Pedro Meyer was a founding member of the Mexican Council of Photography along with Lázaro Blanco, Julieta Jiménez Cacho, Raquel Tibol, and Anibal Angulo. What began in 1976 as a group of colleagues who met on Thursday nights in Mexico City, was transformed into a civil association that always had the mission of being a space for the development of photographic work in Mexico and Latin America. The CMF was a key player in the struggle to generate the conditions of possibility for photography to be transformed into a space and practice capable of expressing and influencing the social and artistic life of a society, taking care of both the formal part of the image and its human aspect.
Pedro Meyer presided over the CMF from its founding in 1978 until 1983. During his tenure, the First Latin American Photography Colloquium was organized in 1978. From May 11 to July 9 of the same year, the First Exhibition of Contemporary Latin American Photography was presented at the Museum of Modern Art in Mexico City, bringing together more than 600 works by 116 authors. On September 5, 1978, the exhibition “Contemporary Portrait in Mexico I”. Painting and photography by Guillermo Ceniceros, Enrique Estrada and Pedro Meyer at the Carrillo Gil Museum. Almost simultaneously and sponsored by the National Institute of Anthropology and History, exhibitions on the Historical Image of Photography in Mexico were also inaugurated at Chapultepec Castle and the National Museum of Anthropology. For the first time in three of the most important museums in the city, there was a broad vision of the past and present of photography. […]

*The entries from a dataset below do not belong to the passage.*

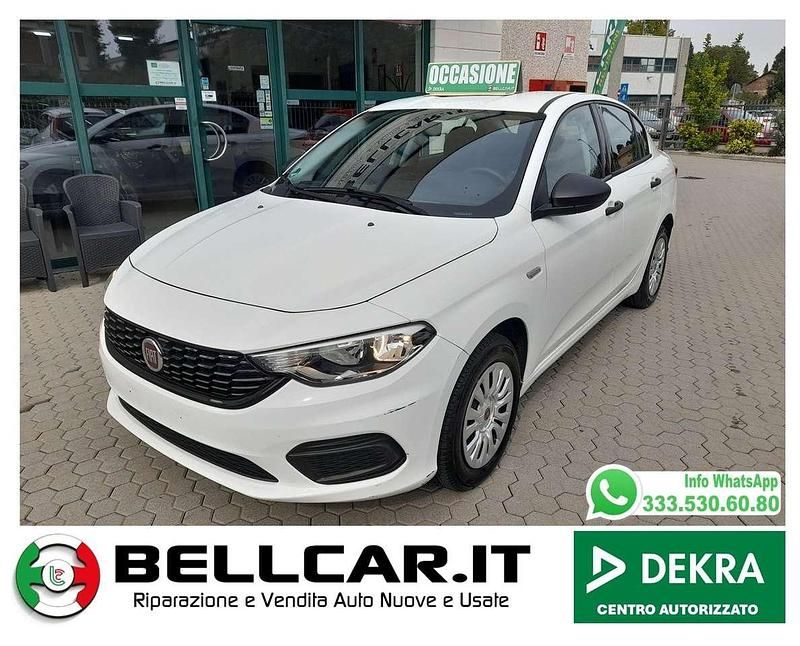 Bianco Usata 2017 Fiat Tipo Easy Tre volumi | 10.400 € (Buon prezzo) - Immagine 1/4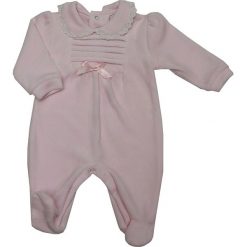 Śpioszki "Pleats" w kolorze jasnoróżowym. Różowe śpiochy niemowlęce Just Too Cute, bez wzorów. W wyprzedaży za 42,95 zł.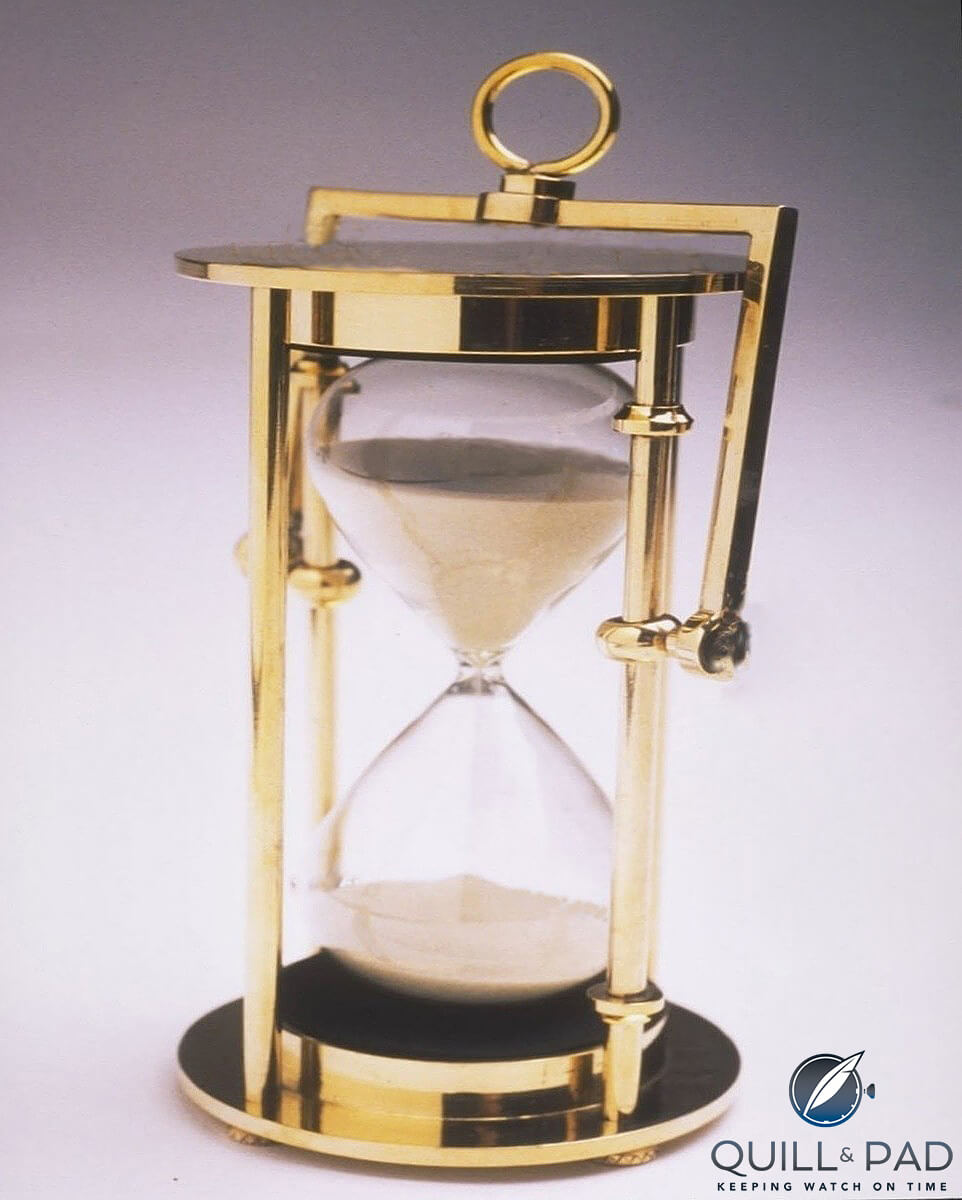 Gimbal hourglass for marine navigation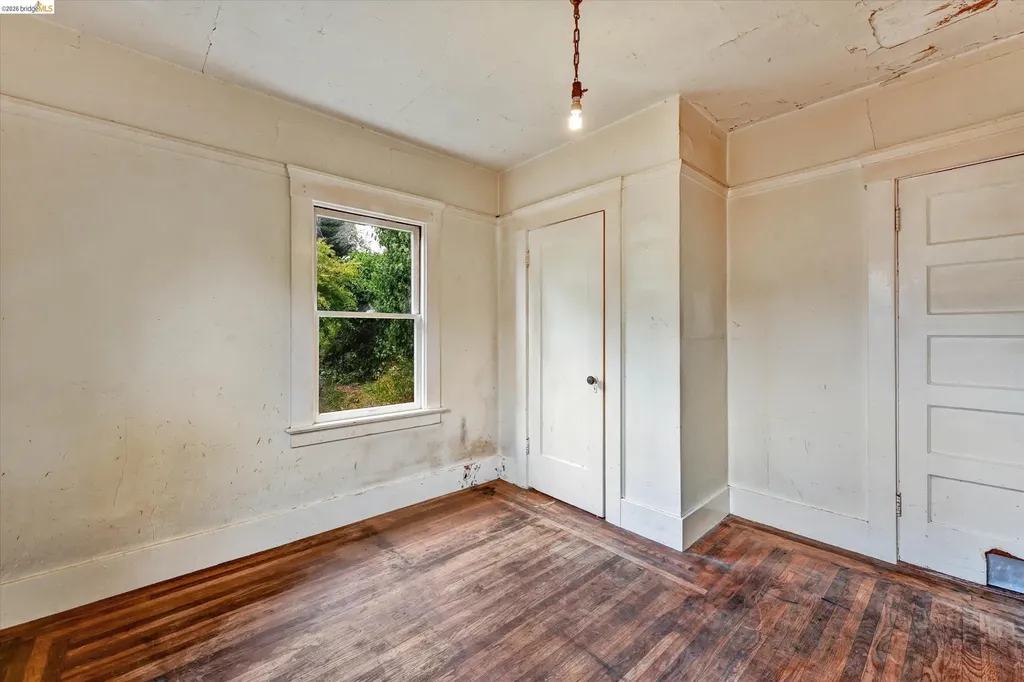 2219 Derby Street Berkeley CA 94705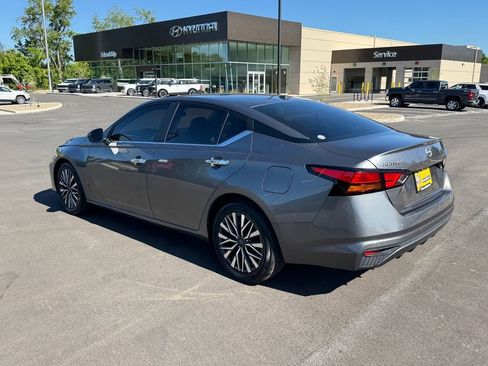 Used 2023 Nissan Altima 2.5 SV FWD image 4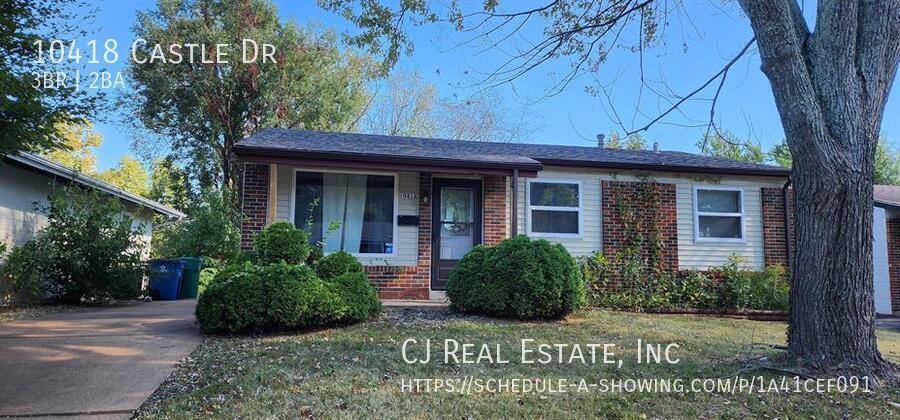 House for rent at 10418 Castle Dr, Saint Louis, MO 63136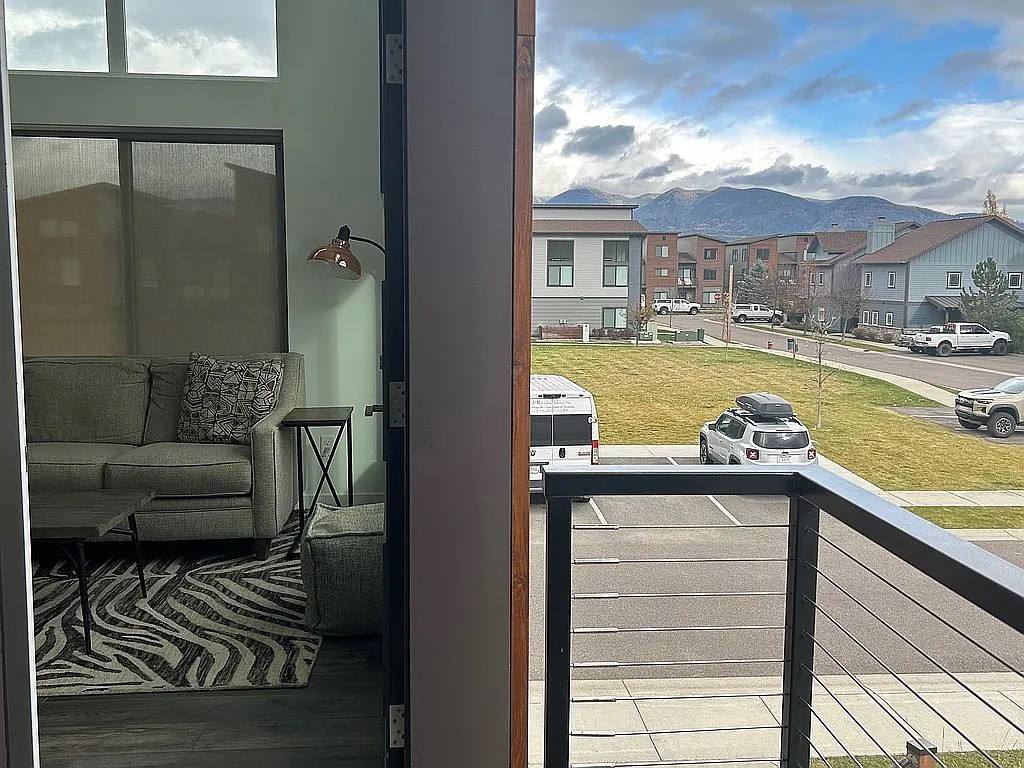 83 Elderberry Loop A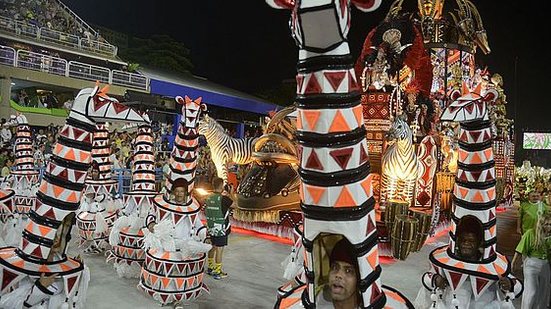 Após dois anos, escolas do grupo especial desfilam na Sapucaí | Foto: Reprodução/Agência Brasil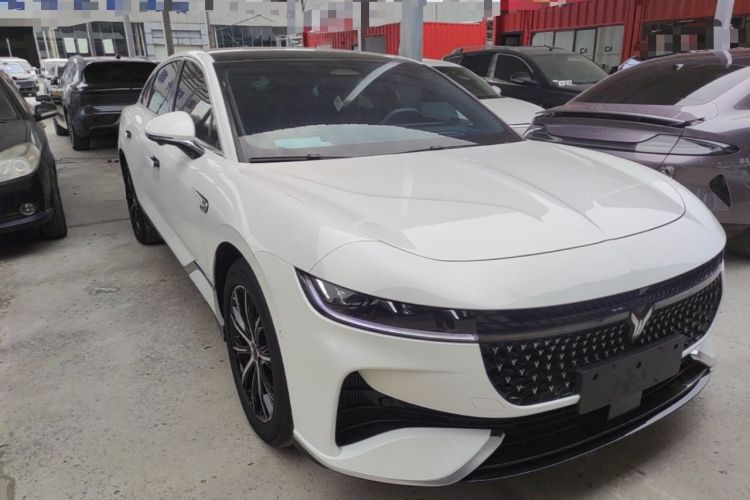 Used VOYAH PASSION 2024 PHEV Four-Wheel Drive Ultra-Long Range Executive Edition Exterior 1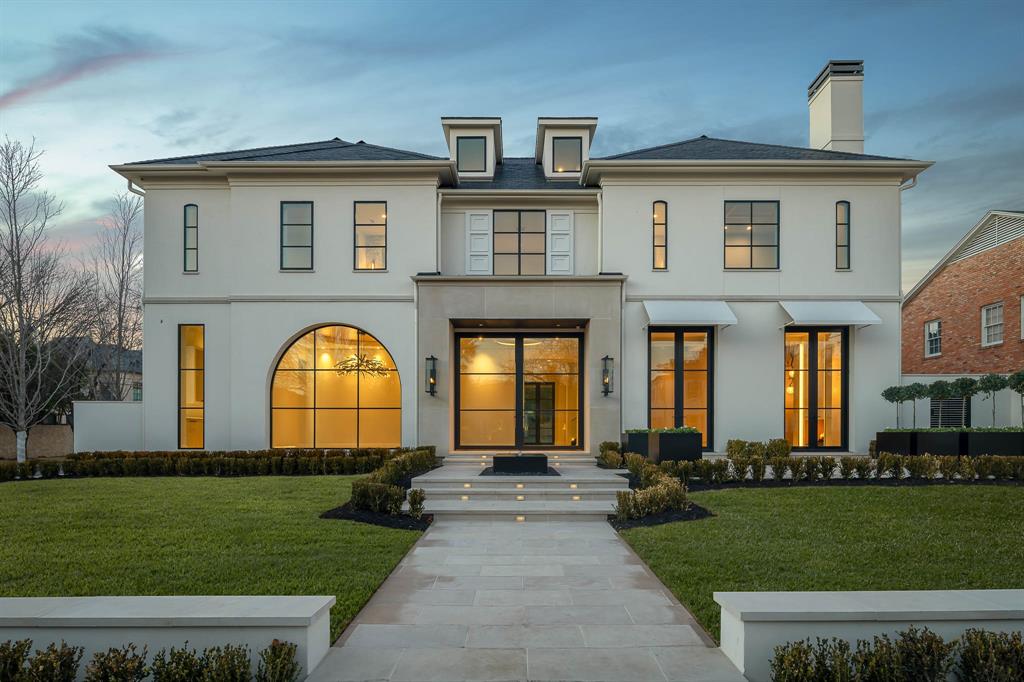 Modern elegance, organic design & seamless living come alive in this new meticulously-crafted jewel by Ventura Custom Homes. On large lush corner lot in coveted Highland Park, blissful environs afford serenity w beautiful outdoor spaces for lounging-entertaining, sparkling pool w water feature & cozy firepit. Walls of windows & huge sliding glass doors blur the lines between inside & out & bathe the home in sunlight. An expansive open floorplan affords a gracious flow & unfettered sightlines of luxurious finishes at every turn. The 5 bed 5.3 bath oasis boasts such desirable amenities as an elevator, media rm, temp-controlled wine wall, rear patio w heaters & speakers, 3-car garage, water filtration & much more!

These events marked a milestone in the field of photography in Mexico and Latin America, as it was the first time that photographers from the region met to express their work and think about issues surrounding photography, promoting the creation of photographic institutes and councils in the different regions of the continent. In 1981, the Second Exhibition of Contemporary Latin American Photography took place, as well as the Second Latin American Photography Colloquium.